PARTE IV
Don Pepe me cuenta la historia que lo hizo renunciar a su oficio de taxista. Fue hace como 20 años, cuando unos jóvenes le pidieron viaje a Villa Frontera, él pensaba dejarlos y regresar a Huexotitla a recoger a una clienta que lo esperaba. “En el camino no noté nada raro, pero cuando llegábamos a la zona sentí que estaba en peligro. Me decían que más adelante, que más adelante y, de repente, que me asaltan, que me asaltan feo. Me golpearon. Mire, mi joven, me tiraron los dientes”, se baja el cubrebocas para mostrarme los pocos que tiene, “me pegaron en el pie, por eso no puedo caminar bien”, señala su tobillo chueco, “me amarraron, me vendaron los ojos y me encerraron en la cajuela”, hace un silencio, yo también.

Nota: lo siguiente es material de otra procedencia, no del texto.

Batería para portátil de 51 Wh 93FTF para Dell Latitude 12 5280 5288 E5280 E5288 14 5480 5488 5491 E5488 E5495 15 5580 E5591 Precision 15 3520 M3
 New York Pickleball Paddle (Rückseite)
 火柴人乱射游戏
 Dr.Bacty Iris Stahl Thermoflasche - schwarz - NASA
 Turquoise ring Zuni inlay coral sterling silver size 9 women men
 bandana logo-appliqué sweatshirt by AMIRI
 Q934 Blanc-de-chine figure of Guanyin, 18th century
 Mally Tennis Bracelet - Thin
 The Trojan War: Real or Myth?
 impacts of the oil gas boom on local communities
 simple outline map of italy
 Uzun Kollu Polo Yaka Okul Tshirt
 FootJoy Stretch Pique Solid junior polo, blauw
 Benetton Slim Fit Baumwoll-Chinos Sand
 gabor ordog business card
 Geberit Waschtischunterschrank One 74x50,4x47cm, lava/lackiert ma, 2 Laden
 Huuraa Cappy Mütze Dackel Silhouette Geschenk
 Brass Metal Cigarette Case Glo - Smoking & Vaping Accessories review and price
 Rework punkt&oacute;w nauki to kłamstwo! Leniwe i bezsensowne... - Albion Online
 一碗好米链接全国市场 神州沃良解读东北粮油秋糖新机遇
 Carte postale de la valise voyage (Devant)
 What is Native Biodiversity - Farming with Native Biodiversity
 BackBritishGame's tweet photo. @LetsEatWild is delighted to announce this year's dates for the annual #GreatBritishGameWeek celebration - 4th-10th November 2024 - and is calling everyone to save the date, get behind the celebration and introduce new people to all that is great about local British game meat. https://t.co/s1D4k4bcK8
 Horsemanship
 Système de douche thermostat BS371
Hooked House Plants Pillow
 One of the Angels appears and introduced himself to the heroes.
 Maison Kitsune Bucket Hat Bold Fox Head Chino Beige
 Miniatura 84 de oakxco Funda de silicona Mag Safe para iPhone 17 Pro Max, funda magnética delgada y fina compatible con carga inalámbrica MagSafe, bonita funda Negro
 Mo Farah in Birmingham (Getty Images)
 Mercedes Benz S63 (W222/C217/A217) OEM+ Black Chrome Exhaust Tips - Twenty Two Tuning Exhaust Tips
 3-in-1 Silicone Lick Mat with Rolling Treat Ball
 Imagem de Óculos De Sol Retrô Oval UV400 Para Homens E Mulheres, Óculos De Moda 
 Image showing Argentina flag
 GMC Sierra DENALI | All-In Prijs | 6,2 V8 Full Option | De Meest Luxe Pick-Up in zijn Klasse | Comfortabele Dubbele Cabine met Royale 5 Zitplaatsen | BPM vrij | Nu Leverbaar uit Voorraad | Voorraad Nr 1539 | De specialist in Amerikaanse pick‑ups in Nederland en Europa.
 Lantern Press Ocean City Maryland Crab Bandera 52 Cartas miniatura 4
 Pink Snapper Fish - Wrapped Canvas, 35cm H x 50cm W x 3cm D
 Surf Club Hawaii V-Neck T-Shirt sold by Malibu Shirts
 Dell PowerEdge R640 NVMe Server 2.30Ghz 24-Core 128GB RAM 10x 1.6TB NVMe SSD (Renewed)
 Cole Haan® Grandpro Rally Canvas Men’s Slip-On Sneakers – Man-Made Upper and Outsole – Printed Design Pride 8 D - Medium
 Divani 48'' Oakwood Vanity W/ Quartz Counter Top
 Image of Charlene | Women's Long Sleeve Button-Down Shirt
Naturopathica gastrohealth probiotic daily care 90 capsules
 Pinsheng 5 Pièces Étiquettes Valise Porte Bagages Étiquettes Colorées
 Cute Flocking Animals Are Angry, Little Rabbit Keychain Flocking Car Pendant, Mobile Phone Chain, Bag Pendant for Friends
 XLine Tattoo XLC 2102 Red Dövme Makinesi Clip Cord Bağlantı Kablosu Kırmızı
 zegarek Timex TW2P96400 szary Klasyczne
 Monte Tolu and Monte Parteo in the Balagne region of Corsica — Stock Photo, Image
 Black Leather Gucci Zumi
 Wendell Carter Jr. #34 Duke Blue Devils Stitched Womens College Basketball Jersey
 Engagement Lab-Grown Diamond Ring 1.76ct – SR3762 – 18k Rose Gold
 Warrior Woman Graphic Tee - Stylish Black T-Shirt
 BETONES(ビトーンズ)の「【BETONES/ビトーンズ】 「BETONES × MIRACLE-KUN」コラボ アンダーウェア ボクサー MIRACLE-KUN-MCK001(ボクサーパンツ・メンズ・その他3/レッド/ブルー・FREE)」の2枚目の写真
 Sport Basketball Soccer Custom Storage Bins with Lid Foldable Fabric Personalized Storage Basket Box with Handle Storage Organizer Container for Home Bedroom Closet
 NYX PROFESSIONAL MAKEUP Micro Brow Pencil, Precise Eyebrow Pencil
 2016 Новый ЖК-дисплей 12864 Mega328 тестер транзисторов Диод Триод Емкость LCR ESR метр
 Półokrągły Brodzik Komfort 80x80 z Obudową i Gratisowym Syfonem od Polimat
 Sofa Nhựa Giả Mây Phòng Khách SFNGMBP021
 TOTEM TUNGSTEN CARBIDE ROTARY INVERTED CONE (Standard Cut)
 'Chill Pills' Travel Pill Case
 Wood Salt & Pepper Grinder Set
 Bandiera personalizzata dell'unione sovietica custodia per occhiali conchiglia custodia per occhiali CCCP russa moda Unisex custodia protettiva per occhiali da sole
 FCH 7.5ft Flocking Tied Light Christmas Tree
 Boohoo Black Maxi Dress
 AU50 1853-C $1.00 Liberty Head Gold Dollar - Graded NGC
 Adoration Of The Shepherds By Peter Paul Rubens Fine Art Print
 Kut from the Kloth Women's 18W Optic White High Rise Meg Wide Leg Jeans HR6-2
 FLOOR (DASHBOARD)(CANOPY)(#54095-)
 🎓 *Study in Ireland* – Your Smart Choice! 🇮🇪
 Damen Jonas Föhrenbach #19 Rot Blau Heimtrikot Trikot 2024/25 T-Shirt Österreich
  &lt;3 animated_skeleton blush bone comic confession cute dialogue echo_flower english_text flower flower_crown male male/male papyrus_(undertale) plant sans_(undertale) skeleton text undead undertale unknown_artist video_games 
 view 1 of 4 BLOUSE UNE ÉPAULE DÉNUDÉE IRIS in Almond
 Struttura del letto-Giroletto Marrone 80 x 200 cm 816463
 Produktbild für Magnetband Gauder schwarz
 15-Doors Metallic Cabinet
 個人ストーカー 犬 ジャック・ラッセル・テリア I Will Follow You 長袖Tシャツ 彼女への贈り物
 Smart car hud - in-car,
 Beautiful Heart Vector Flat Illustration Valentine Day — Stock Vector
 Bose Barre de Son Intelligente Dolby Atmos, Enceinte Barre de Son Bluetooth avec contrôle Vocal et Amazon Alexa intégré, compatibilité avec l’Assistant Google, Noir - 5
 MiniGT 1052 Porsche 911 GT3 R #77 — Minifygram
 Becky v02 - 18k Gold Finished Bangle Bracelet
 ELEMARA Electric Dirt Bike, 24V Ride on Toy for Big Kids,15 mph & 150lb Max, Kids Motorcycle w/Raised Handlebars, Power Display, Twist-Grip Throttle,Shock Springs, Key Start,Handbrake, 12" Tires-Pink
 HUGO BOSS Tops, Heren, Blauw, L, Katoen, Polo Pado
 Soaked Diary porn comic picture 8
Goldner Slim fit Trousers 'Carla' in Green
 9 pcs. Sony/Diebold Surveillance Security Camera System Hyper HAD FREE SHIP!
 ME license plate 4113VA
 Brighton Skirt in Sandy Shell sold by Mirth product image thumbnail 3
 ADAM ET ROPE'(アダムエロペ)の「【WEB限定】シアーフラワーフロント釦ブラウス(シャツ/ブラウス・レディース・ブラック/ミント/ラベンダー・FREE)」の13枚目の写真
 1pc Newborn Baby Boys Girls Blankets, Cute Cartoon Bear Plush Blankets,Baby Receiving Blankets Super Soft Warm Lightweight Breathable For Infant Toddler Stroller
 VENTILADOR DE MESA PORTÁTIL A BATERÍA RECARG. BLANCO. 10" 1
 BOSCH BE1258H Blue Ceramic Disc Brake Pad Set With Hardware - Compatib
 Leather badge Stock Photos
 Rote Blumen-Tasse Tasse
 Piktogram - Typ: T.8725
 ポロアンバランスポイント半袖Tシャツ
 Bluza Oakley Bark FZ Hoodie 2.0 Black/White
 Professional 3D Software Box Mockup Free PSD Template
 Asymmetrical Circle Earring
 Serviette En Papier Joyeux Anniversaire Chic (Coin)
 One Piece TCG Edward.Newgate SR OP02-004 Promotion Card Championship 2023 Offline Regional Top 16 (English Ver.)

“No sé a dónde manejaban, pero de pronto frenaban el coche y me volvían a sacar para pegarme. Así, tres veces, cada vez más fuerte. No sé por qué, ya tenían mi dinero, ya tenían la unidad. Yo trataba de decirles que solo me dieran mi licencia y se fueran, pero no me dejaban. Creo que me iban a matar, me llevaban como para Canoa por la carretera viejita, pero se les acabó la gasolina, dejaron el carro ahí y se fueron”. El relato se detiene como si hubiera terminado. Asustado, pregunto cómo logró salir de la cajuela.
“En la madrugada, un señor bajó de La Malinche con sus perros. Oí que venían ladre y ladre; cuando los sentí cerca, me moví como pude para hacer ruidos y pegar con la lámina del taxi para que por lo menos se meneara. Yo creo que los perros me olfatearon, escuché cómo se acercó el señor y me dijo, ‘ahorita lo rescatamos’. Para mí fue una eternidad, no sé cuánto tiempo pasó”, don Pepe hace otro silencio.
“Luego volví a oír la voz del señor, ‘¡es aquí, es este!’. Entonces me sacaron unos taxistas que se asustaron cuando me vieron. Me desataron, ‘ahora le tocó a usted’, dijeron. Imagínese, mi joven, cuántos sufrieron lo que yo. Me trajeron con mi hermano que se espantó por lo jodido que me veía y me llevó al doctor. Me hicieron exámenes de todo, del susto que traía salí con 500 de azúcar y que estaba vivo de milagro. Fue una señal de Dios”, señala al cielo.
“Traté de agarrar el taxi para trabajar, pero ya no podía, veía borroso, estaba lesionado, ni siquiera dormía. Cada vez que cerraba los ojos… ah, jijo, no me quiero ni acordar. Dilaté mucho en mejorar”. Le pregunto si identificaron a los delincuentes, dice que no, que la policía le pidió mucho dinero para atraparlos, “al principio les daba, porque sí quería que se hiciera justicia, pero después vi que era puro cuento y se estaban aprovechando de mí. Qué tal que ya los habían detenido y a mí me seguían cobrando. Me cansé, les dije que ahí muere”.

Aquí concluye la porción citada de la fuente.